=== GIVEN DATA ===
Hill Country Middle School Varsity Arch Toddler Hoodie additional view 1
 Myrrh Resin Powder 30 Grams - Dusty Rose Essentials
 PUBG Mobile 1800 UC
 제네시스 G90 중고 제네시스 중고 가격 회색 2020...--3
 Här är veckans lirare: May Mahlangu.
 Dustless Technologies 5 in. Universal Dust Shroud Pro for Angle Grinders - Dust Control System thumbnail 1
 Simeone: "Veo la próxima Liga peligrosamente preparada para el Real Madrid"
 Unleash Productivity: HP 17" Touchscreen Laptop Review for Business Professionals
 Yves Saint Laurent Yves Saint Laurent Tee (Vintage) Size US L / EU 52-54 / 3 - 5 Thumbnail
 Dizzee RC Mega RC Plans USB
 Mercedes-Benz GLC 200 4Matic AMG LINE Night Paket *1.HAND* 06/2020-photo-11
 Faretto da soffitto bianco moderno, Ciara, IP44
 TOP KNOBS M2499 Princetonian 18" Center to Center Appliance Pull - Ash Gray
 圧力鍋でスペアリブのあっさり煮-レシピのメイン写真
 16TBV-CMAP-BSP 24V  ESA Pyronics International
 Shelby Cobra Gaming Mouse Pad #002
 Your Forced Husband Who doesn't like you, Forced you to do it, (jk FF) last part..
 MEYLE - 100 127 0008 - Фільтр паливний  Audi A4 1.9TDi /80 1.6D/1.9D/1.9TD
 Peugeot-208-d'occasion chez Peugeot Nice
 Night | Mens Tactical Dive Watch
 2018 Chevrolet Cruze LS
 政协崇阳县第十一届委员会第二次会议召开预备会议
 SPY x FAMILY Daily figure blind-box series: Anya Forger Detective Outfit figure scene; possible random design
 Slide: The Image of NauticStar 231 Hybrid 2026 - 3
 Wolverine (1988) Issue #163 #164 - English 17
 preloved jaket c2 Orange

=== WHAT THE TASK REQUIRES ===
All of the data above should be duplicated exactly.

=== SOLUTION FOR THIS EXERCISE ===
Hill Country Middle School Varsity Arch Toddler Hoodie additional view 1
 Myrrh Resin Powder 30 Grams - Dusty Rose Essentials
 PUBG Mobile 1800 UC
 제네시스 G90 중고 제네시스 중고 가격 회색 2020...--3
 Här är veckans lirare: May Mahlangu.
 Dustless Technologies 5 in. Universal Dust Shroud Pro for Angle Grinders - Dust Control System thumbnail 1
 Simeone: "Veo la próxima Liga peligrosamente preparada para el Real Madrid"
 Unleash Productivity: HP 17" Touchscreen Laptop Review for Business Professionals
 Yves Saint Laurent Yves Saint Laurent Tee (Vintage) Size US L / EU 52-54 / 3 - 5 Thumbnail
 Dizzee RC Mega RC Plans USB
 Mercedes-Benz GLC 200 4Matic AMG LINE Night Paket *1.HAND* 06/2020-photo-11
 Faretto da soffitto bianco moderno, Ciara, IP44
 TOP KNOBS M2499 Princetonian 18" Center to Center Appliance Pull - Ash Gray
 圧力鍋でスペアリブのあっさり煮-レシピのメイン写真
 16TBV-CMAP-BSP 24V  ESA Pyronics International
 Shelby Cobra Gaming Mouse Pad #002
 Your Forced Husband Who doesn't like you, Forced you to do it, (jk FF) last part..
 MEYLE - 100 127 0008 - Фільтр паливний  Audi A4 1.9TDi /80 1.6D/1.9D/1.9TD
 Peugeot-208-d'occasion chez Peugeot Nice
 Night | Mens Tactical Dive Watch
 2018 Chevrolet Cruze LS
 政协崇阳县第十一届委员会第二次会议召开预备会议
 SPY x FAMILY Daily figure blind-box series: Anya Forger Detective Outfit figure scene; possible random design
 Slide: The Image of NauticStar 231 Hybrid 2026 - 3
 Wolverine (1988) Issue #163 #164 - English 17
 preloved jaket c2 Orange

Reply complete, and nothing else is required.